Wednesday, February 24, 2010

V-Day



For the restaurant industry, there is always a lull in business between New Years and the beginning of spring. It’s the time where you see most restaurants tightening their belts, cutting labor costs, and spending less wherever possible. It’s also the time when many restaurants go under. Between the normal expenditures and taxes that are due, even diligent owners can find themselves with the painful realization that their product isn’t selling.

Valentines Day, our favorite Hallmark holiday, is highly anticipated in the restaurant community, because it is a night where one can be certain that the numbers will be good. While it doesn’t do a whole lot in the long run for a restaurants financials, it does provide much-needed morale to employees who are generally bored. Finally, we get to make something different. Finally we get to serve something exciting. At least, that’s the theory…

If there’s something that I’ve discovered in researching for this particular dessert, it’s that people tend to play it safe on v-day. Whether they know it or not, I think people tend to stick to things that they are certain are going to taste good. No matter how good the apples look right now, no matter how extravagant the preparation, it won’t sell. Customers look to the night’s dessert with only one real question: is it chocolate?

Chocolate’s power as an aphrodisiac is debatable at best, but I can’t deny that it satisfies something deep in the soul. Like wine, where you get your chocolate from will greatly affect its flavor. The climate, or terrior as wine aficionados would call it, and how the beans are roasted give an unimaginable range of flavors: from smokey and bitter, or tart and fruity, to sweet with hints of caramel.

I could go on at length about chocolate production, but I think I’ll save that for another post. Books and books have been written on the subject, and there’s still more out there yet to be uncovered. For the moment, I think I will just give you a couple of my thoughts on choosing and eating chocolate:

· Know what you’re buying. Chocolate is expensive. Good chocolate should be [relatively] expensive.

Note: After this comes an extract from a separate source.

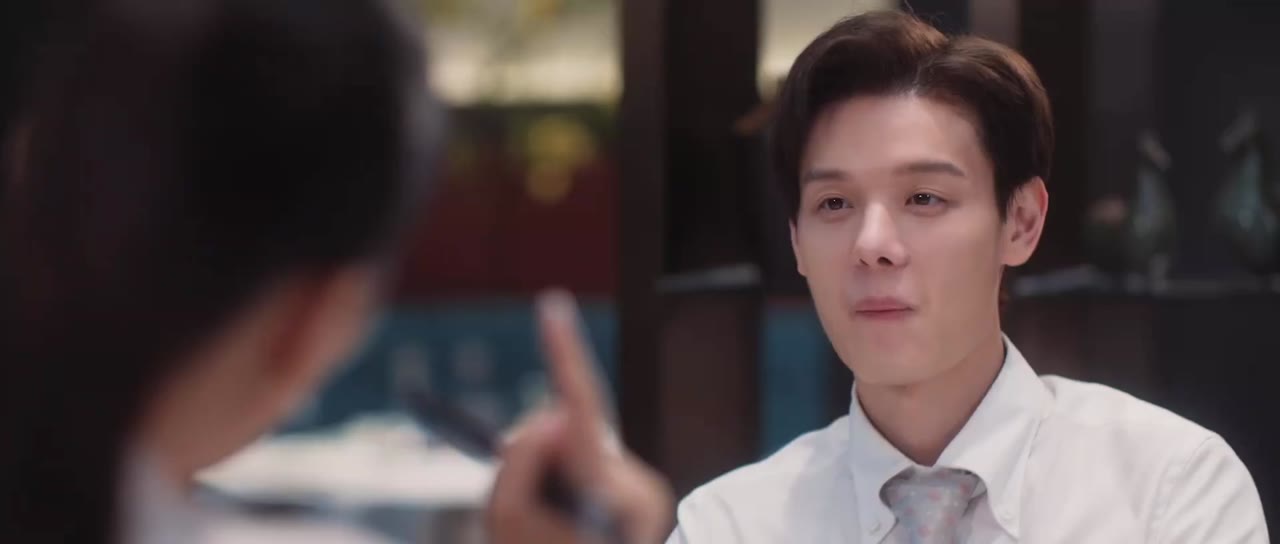 Thư Ký Kim Tấn Công tập 20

Spending money on Hershey’s is like buying non-alcoholic Keystone Light. It’s just not worth it. I’m not saying that you should be unloading your next paycheck for one bar, but go out on a limb and reach for the upper shelf occasionally.

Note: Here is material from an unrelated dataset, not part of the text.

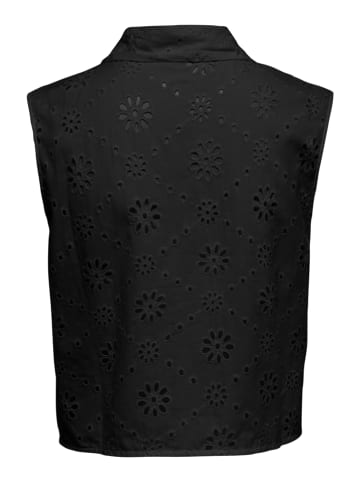 ONLY Blouse zwart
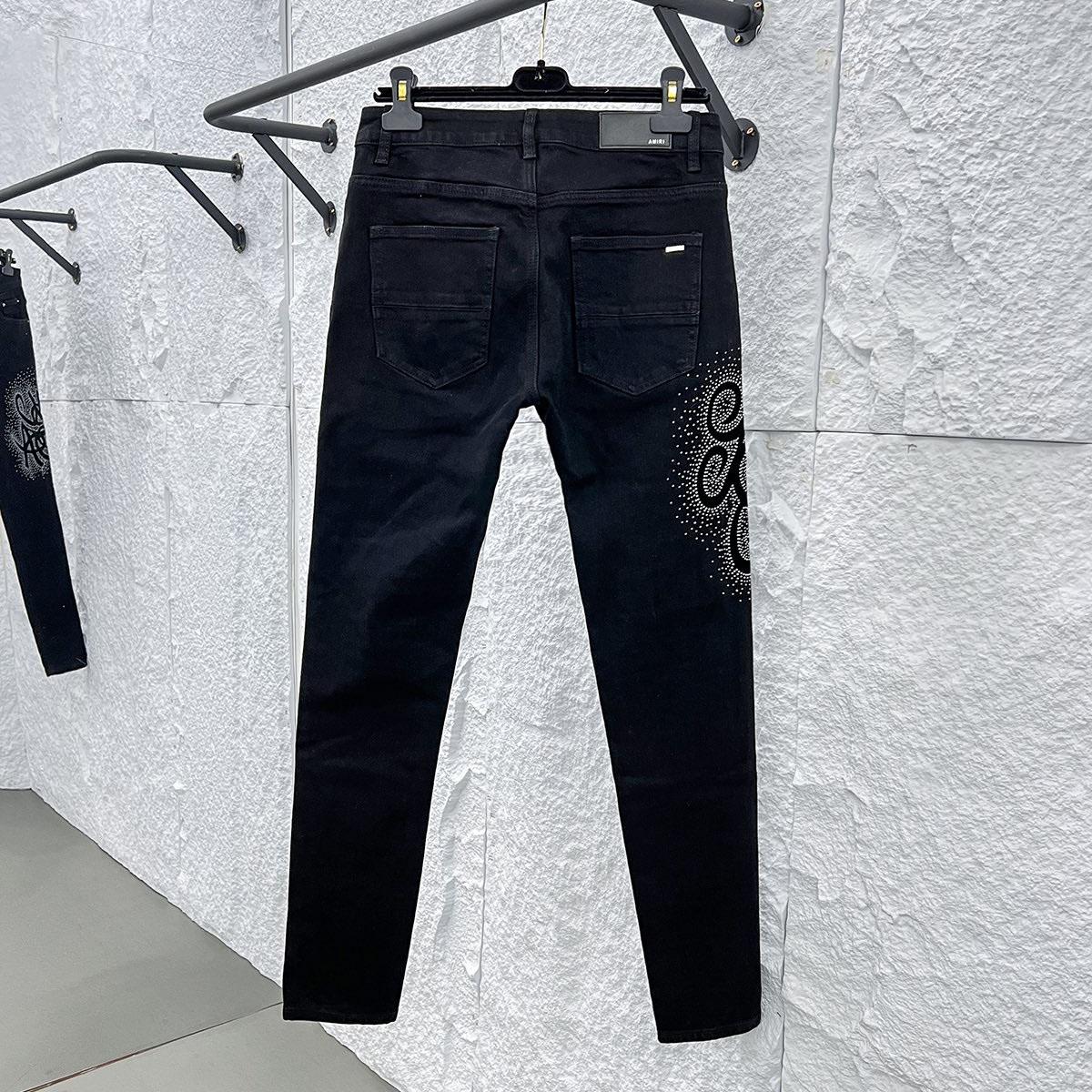 Amiri Jeans    1257 - DesignerGu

· Don’t count out milk and white chocolate. Many adults claim that milk and white chocolate are for kids who’s taste buds haven’t’ developed yet. Shut up. Anyone who’s had a great milk chocolate can tell you that it is a life-changing experience. A good milk chocolate should let you taste the cocoa bean as much as a dark should.

· Take the percentages that chocolate maker’s proudly display with a grain of salt. They can be very misleading, and are not the mark of what makes chocolate great. All that little number means is how much of that bar is cacao, and how much is not. Two chocolates that are labeled as 64% can taste vastly different. The only time a use those is as a way to differentiate between chocolates that one company makes, since they are rarely given other names.

· Some brands I tend to like: Voges, Sharffen berger, El Rey, Valrhona (though it’s given more credit than it is due), and Callebaut

· Some brands I tend to stay away from: Hershey’s, Lindt, Ghiradelli

These are, of course, my own opinion. I’m not going to come to your house and throw out all of the bad chocolate. In fact, I’m sure I have stashed away somewhere a couple Hershey’s bars from my last camping trip. Does that make me a hypocrite? Probably. Depends on whom you talk to.



As for the much-anticipated Valentines dessert, I decided to stick with something that most people could identify with. I took my inspiration from a hazelnut laté, and deconstructed it.

For the coffee part, I made an espresso semifreddo. Semifreddo literally means “half frozen,” but it really refers to a frozen mousse, of sorts, that has had so much air incorporated into it prior to freezing that it never gets completely solid. I simply whipped my espresso infused cream, whipped my egg yolks, and whipped my egg whites and gently folded them all together depositing into a flexipan and freezing.

For the first chocolate component of the plate, I made a pudding cake. Pudding cake, like French toast, is a great way to use up a product that would otherwise be thrown away. I had some leftover chocolate almond cake from a previous dessert. They were odd shaped pieces, some of which had dried out, but still tasted wonderful. To make the pudding cake, I made a custard of egg yolks, cream, sugar and chocolate, and then added the leftover cake, mixing until the pieces had broken up into a homogenous mass. They were then baked and allowed to cool in the freezer before cutting into little rectangles. They would be warmed to order, which would contrast nicely with the cold semifreddo.

The hazelnut component was the chocolate-hazelnut gelato that I froze into little cylinders. I topped the semifreddo with a toasted marshmallow at the behest of my girlfriend—who was kind enough to not be mad at me when I had to spend v-day with the restaurant instead of her, and finished the plate with some cocoa nib lace that provided the much-needed crunch.

I don’t have any recipes this week, but I do have some promising ideas.